The training program was ‘interesting’ to say the least, but during the day’s program, while I was on the sidelines, a young trail bike rider came to me saying there’d been an accident and whether we could help. I followed the rider to the accident site where I found a young girl, Elisabeth (or is it with a ‘z’?), with the heel of her foot entangled in the spokes of a trail bike. Elisabeth had been riding pillion with her boyfriend when her heel caught in the spokes, causing the bike to fall and her heel to get caught and be badly cut with a spoke becoming embedded in her heel.
I immediately went on the radio to contact the association trip leader to relay what had happened, only to be confronted with a cacophony of radio chatter of no help whatsoever, as everyone had to get in on the act. In a brief gap I managed to get a word in and silence the lot, and then set up a single line of communication. The immediate task was to get someone to contact 000 and call for an ambulance, as I had no mobile phone signal and the second thing was to see if anyone could provide blankets or the like, as I had none, to help the girl who was in some distress, as well as being cold and wet (but not in shock).
I didn’t take any photographs while attending to Elisabeth, prior to the paramedics arriving. It was furthest from my mind at the time and I wouldn’t have thought it appropriate in any case.
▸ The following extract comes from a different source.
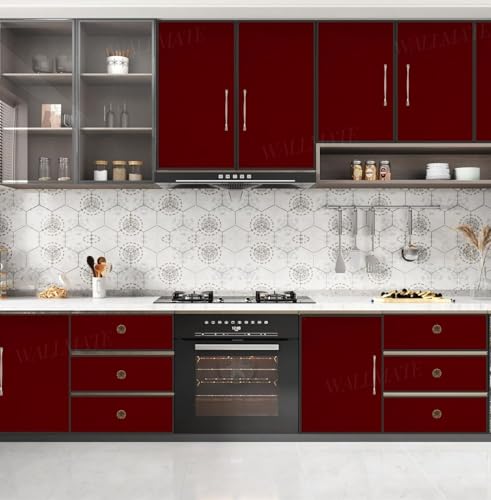 Image of WALLMATE? Maroon Glossy Wallpaper Peel & Stick Vinyl Contact Paper Self Adhesive Wallpaper for Kitchen Cabinets Furniture Countertop Removable Waterproof Wallpaper (12 x 50 inch, Maroon)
Luckily, someone had blankets and there was also a nurse amongst the group. I requested one vehicle to bring the nurse and blankets to the area and that everyone else stay away, leaving clear access for the ambulance. There wasn’t much that we dared do regarding Elisabeth’s foot and we both agreed that it was best to keep the pressure on the heel until the paramedics arrived, in case we released a blood vessel and subsequent blood flow that we might not be able to stem, as well as creating unnecessary pain if the pressure was released. Elisabeth wasn’t in a lot of pain, was coherent and seemed to be in good spirits now that we were there, so best to leave well enough alone until the paramedics could attend to her.
Unfortunately, because of our location, the ambulance was unable to get to where we were, not being a 4WD, so I drove to meet them and transferred the paramedics, gurney and equipment to my 4WD. It was clear that Elisabeth needed to get to hospital fairly quickly and so the air ambulance had been arranged. By this time, the police had arrived as well and they had identified a hilltop not too far away where the air ambulance could land safely to pick up Elisabeth. My Patrol being the only vehicle capable of carrying Elisabeth on a gurney, as well as the paramedics (albeit a very tight fit), we followed the police 4WD to the landing site.
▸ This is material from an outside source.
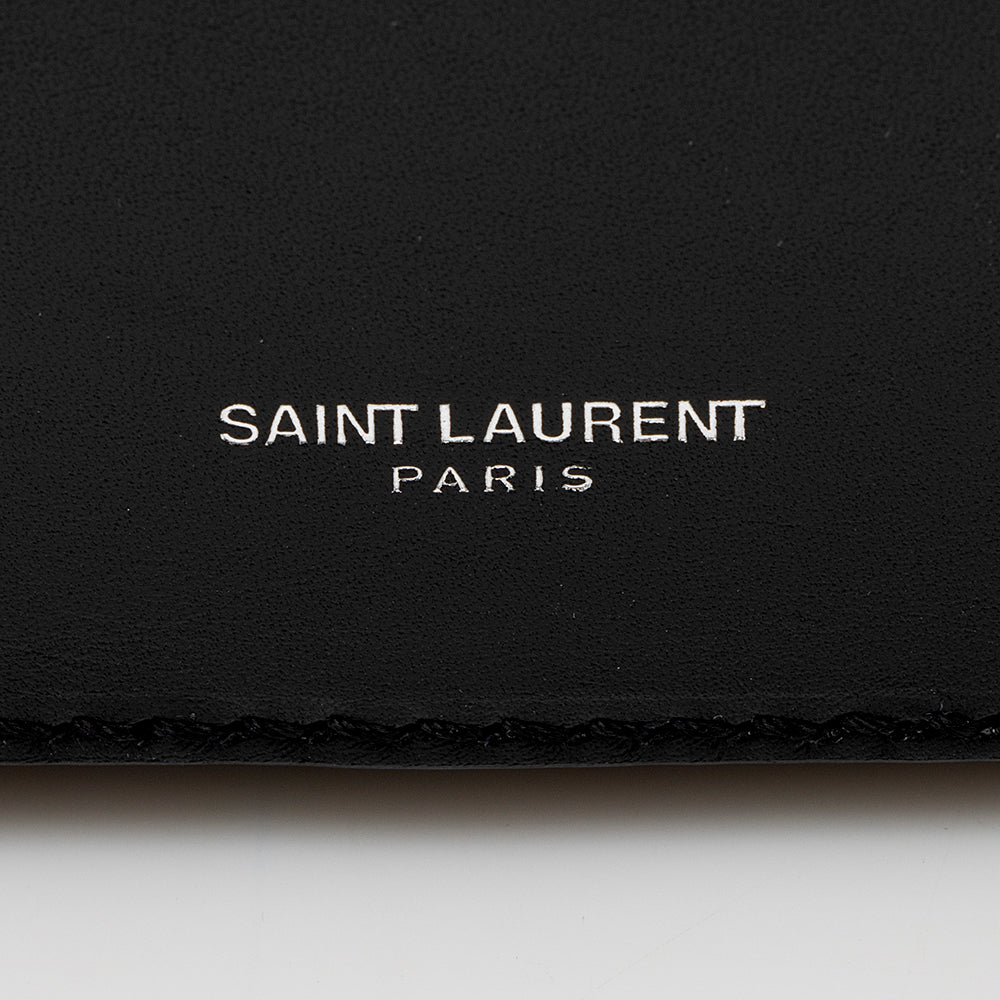 Saint Laurent Calfskin Mica Medium Hat Box Bag (SHF-19830)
Now anyone who has been to Toolangi on a Winter’s day (as I think it was), knows that it’s always wet, boggy and replete with swollen water holes and creeks, with slippery and steep(ish) tracks. Despite all those obstacles, and I think we encountered every one of them, we made it to the hilltop to meet the air ambulance and safely transfer Elisabeth to the helicopter. I never did find out how Elisabeth eventually fared, but her departing smile said it all as far as I’m concerned.
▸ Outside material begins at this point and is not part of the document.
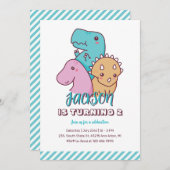 かわいいディノカートゥーンディオナーズ誕生日招待状 招待状 (正面/裏面)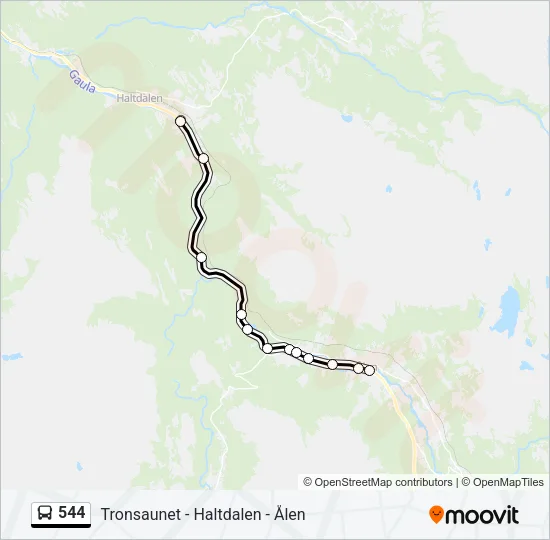 544 Bus Line Map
When emergencies happen, there’s no room for panic, confusion or debate, someone has to be decisive and take charge, and everyone else involved has to acknowledge and accept that decision unless someone is better placed to do so. Too many times I’ve been involved in these situations and there’s never any room for indecision, as indecision can often lead to tragic events. This is one of three trail bike rescues I’ve been involved in over the years and, hopefully, I never see another one again.